Une fois la poussière médiatique retombée, que restera-t-il de ce remaniement ? Rien. Comme pour les précédents, le jeu de chaises musicales n’a pas permis de placer la moindre compétence opérationnelle à des postes importants. Hollande, fidèle à son habitude, a distribué quelques hochets. Encore une fois, l’évident mépris des priorités (économiques, sociales) du pays vole à la figure des Français. Encore une fois, les bricolages apparaissent pour ce qu’ils sont : un simple positionnement de petits copains dans différents fromages républicains.
La fracture entre cette troupe effectivement bigarrée, véritable « arc-en-ciel » de politiciens imbibés de bracassitude poussée, et le peuple qui paye pour leurs frasques est à ce point visible qu’elle est devenue habituelle et que pas un journaliste ne relève l’absolue nullité en terme d’impact que va avoir ce remaniement.
Dans le même temps, les bourses dévissent doucement.
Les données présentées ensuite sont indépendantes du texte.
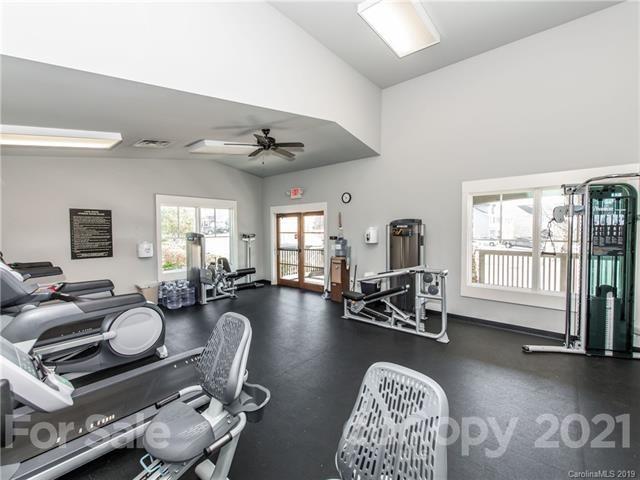 620 Zinnia Way Tega Cay, SC 29708 - Photo 38 of 39 a view of a livingroom with furniture hardwood floor and a large window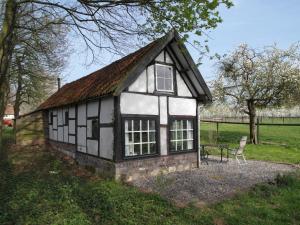 a small black and white building in a field at Vakantiewoningen 'Hoeve de Witte Olifant' in Noorbeek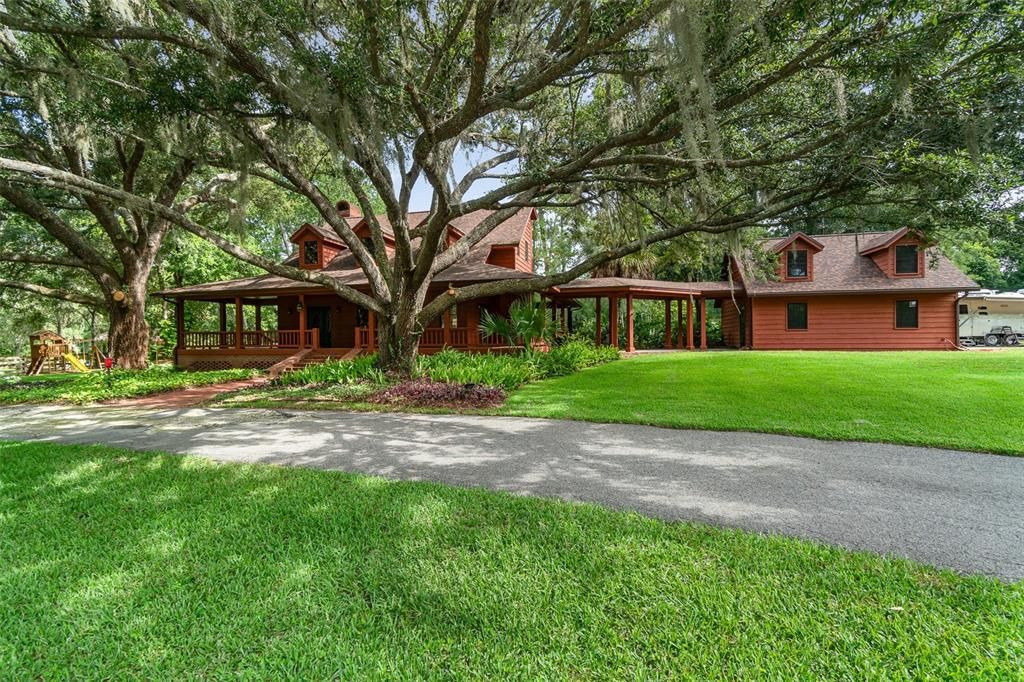 Front Elevation with massive twin oaks flanking the front of the Home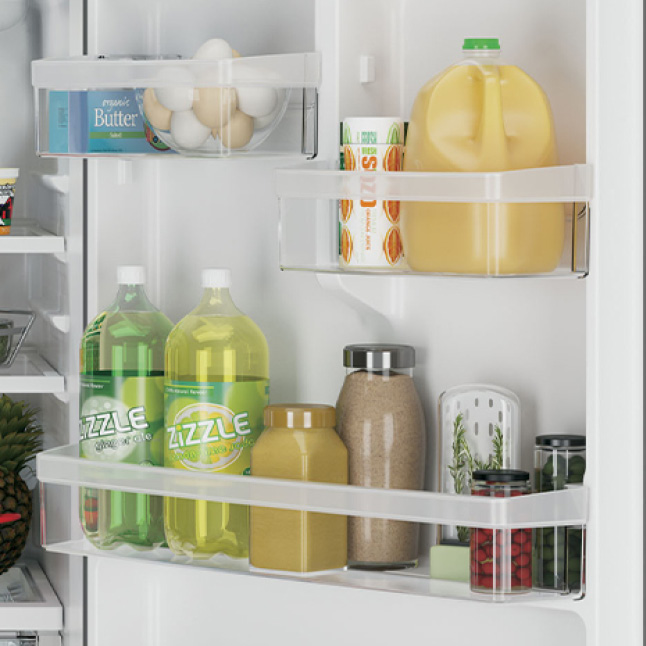 A variety of bottles, boxes, and jars of food and drink are neatly contained in the spacious door bins of the bottom freezer refridgerator.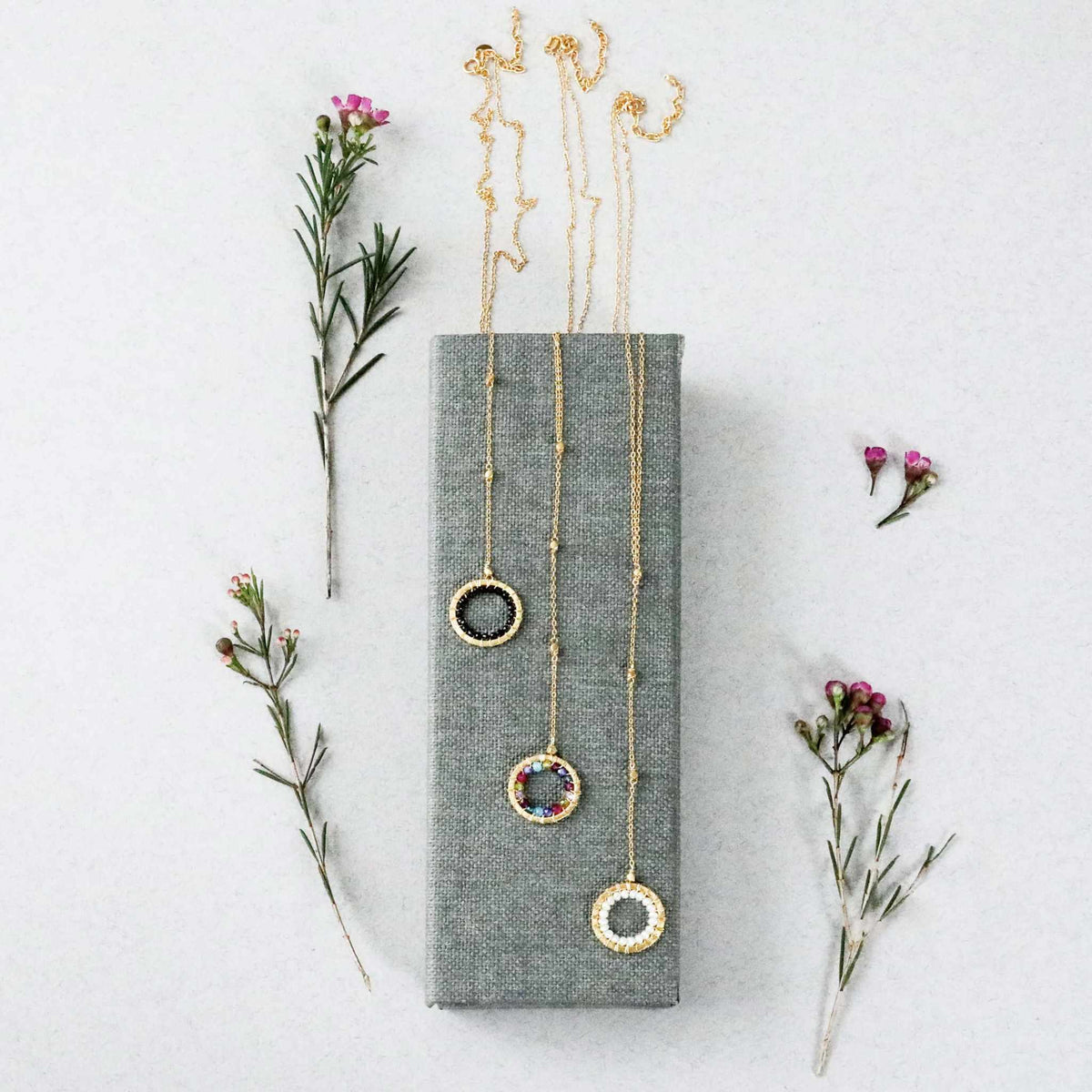 Black Spinel pendant with rainbow gemstones and pearl on gold plated silver chain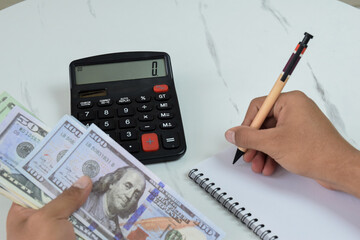 A man is counting Dollar banknotes, financial management concept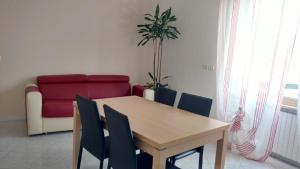 a dining room with a table and chairs and a couch at Sant'Agostino Apartment in Catanzaro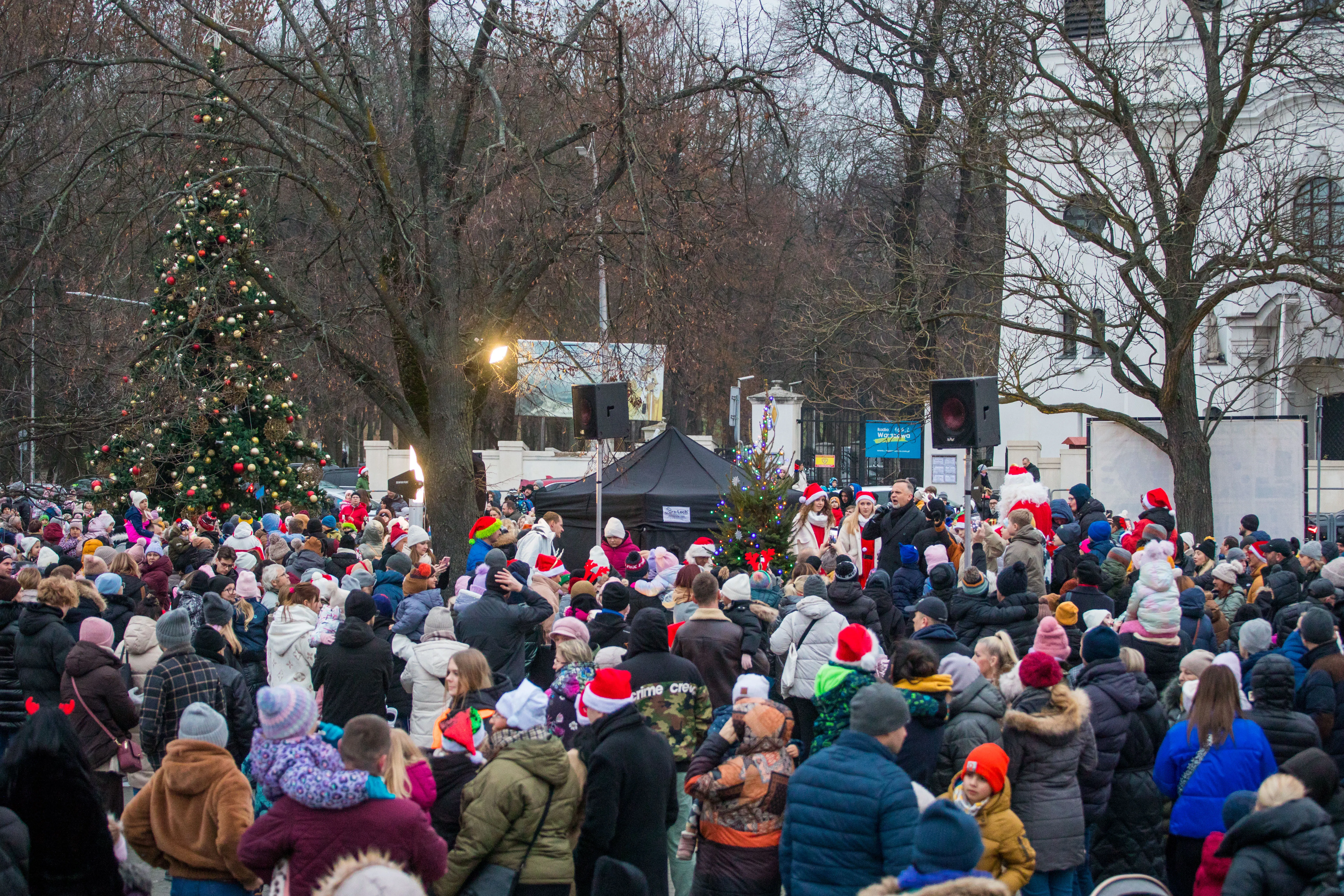 Duża grupa ludzi zgromadzona na zewnątrz w okresie zimowym, wiele osób nosi czapki świąteczne typu Mikołaj, w tle dwa przystrojone choinki i nagłośnienie przy namiocie.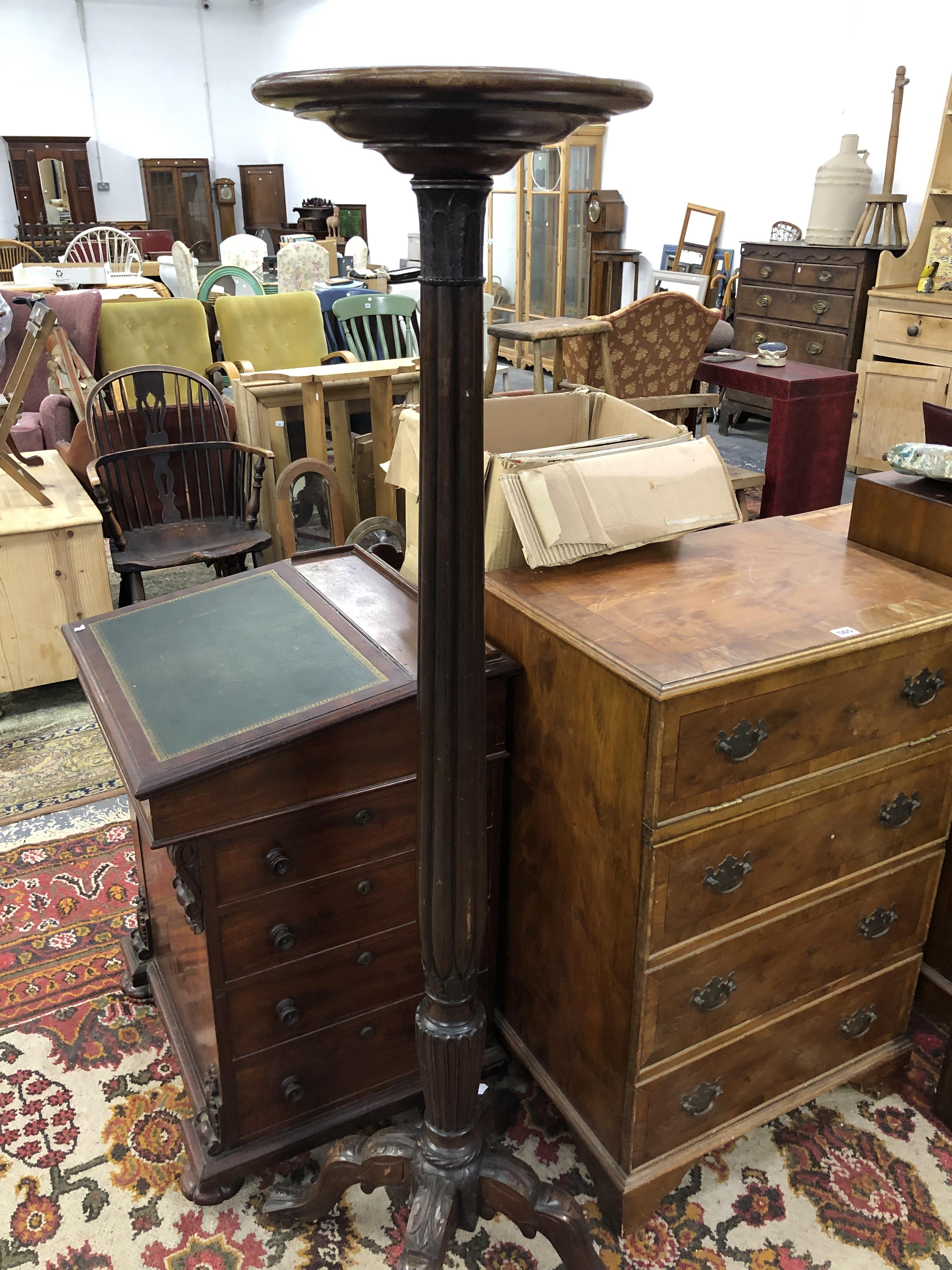 A MAHOGANY TORCHERE, THE REEDED COLUMN FLARING TO FOUR CARVED LEGS. Dia. 35x H 151cms.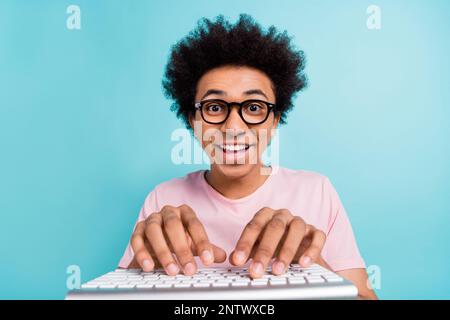Nahaufnahme eines jungen Witzbolds mit T-Shirt-Brille Schreiben Sie Text-Tastatur chatten Internet-Boten isoliert auf aquamarinfarbenem Hintergrund Stockfoto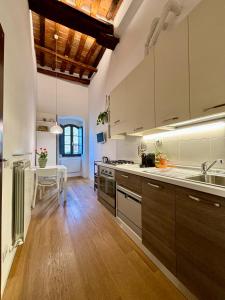 cocina grande con suelo de madera y mesa en La Torre di Canonica, en Colle Val D'Elsa
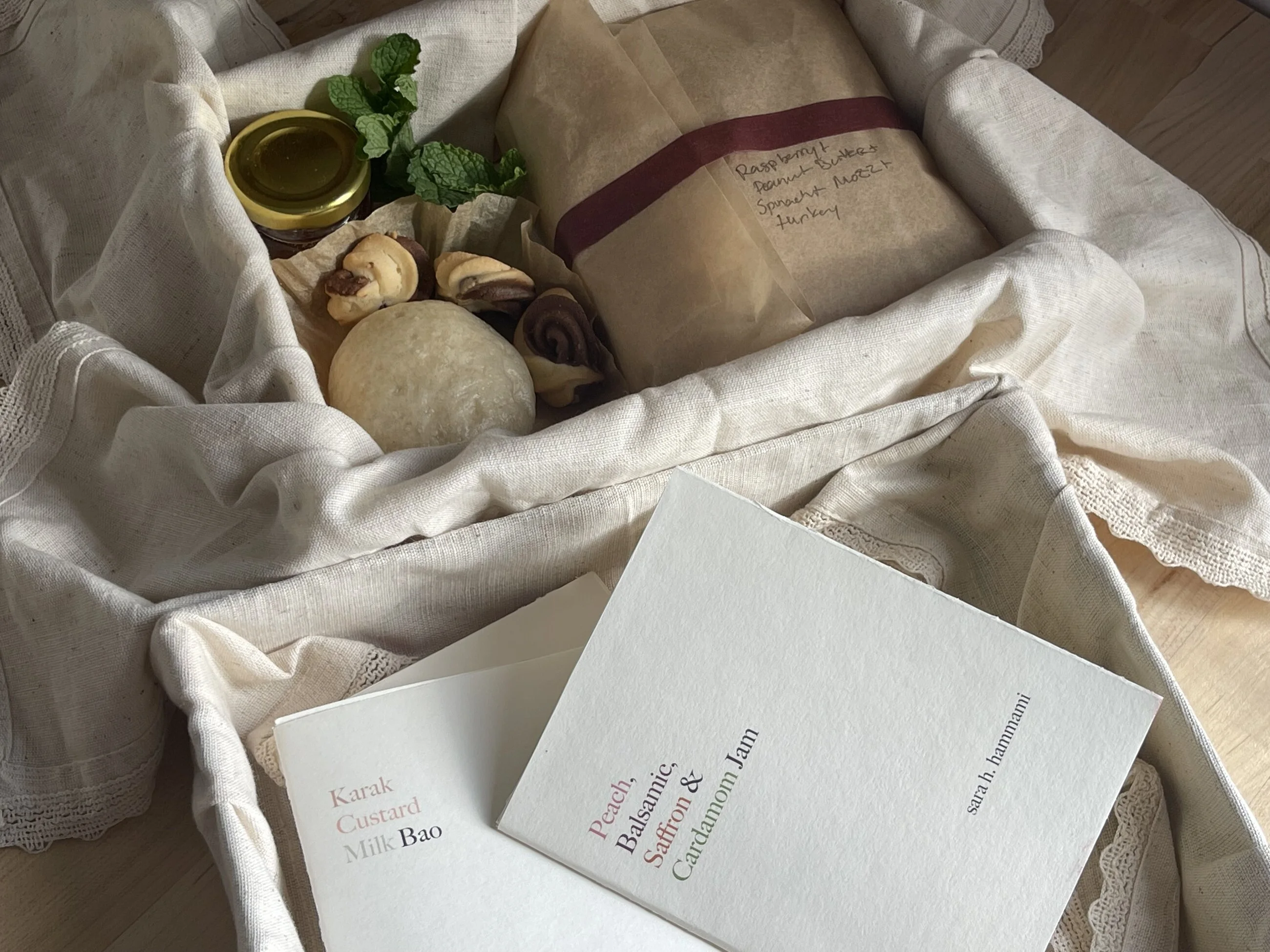 Two of the recipe books resting on the linen — Karak Custard Milk Bao, and Peach, Balsamic, Saffron & Cardamom Jam — beside the spine signed sara h. hammami.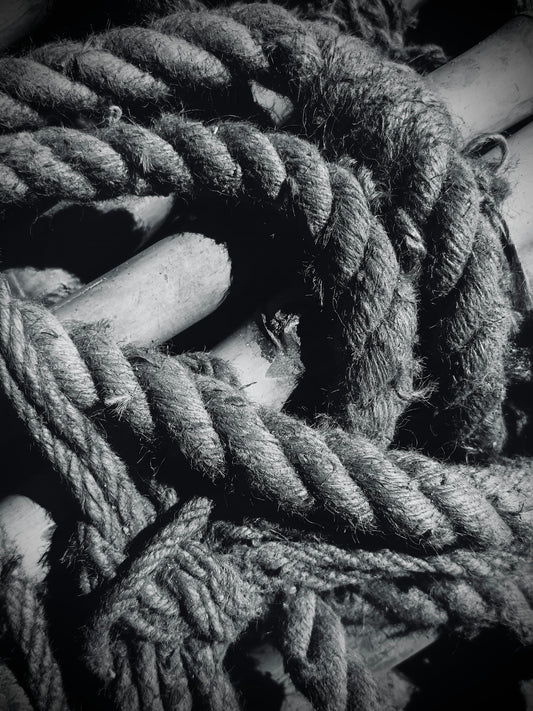 Thick rope is tightly wound around wooden objects.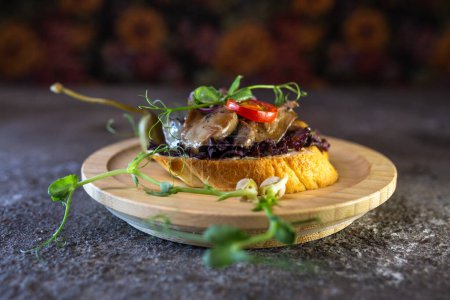 Assiette rustique en bois avec sandwich ouvert au filet de b?uf et champignons rôtis, garnie de germes frais.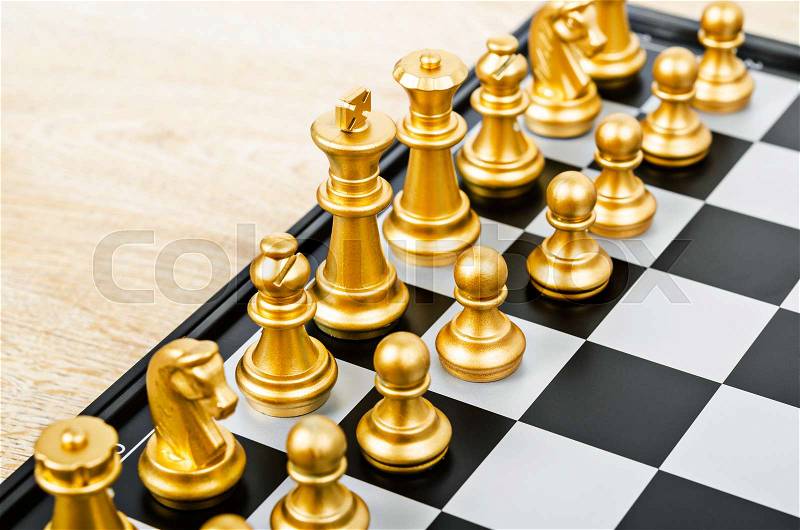 Chess game face with the another gold team on wooden background (Concept for company strategy, business victory or decision), stock photo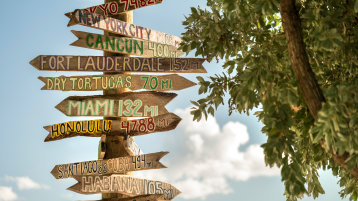 Man sieht einen Wegweiser, der in ganz verschiedene Richtungen unterschiedliche internationale Städte mit Kilometerangabe ausweist.  (Bild: Adobe Stock / Cavan)
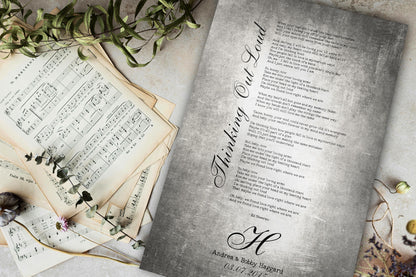 Vintage-style tin wedding song plaque on a tabletop beside aged sheet music and greenery, a 10th anniversary tin gift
Les credit default swap sur la Deutsche Bank, qui a vu son action plonger de plusieurs dizaines de pourcent depuis le début de l’année, grimpent en flèche. Le marché de l’or, très manifestement manipulé, part en sucette avec plusieurs gros acteurs qui décident de quitter le London Metal Exchange… Tout indique une grande fébrilité des marchés, et une économie qui refuse de redémarrer.
Avec un tel « nouveau » gouvernement, une telle conjoncture… Ce pays est foutu.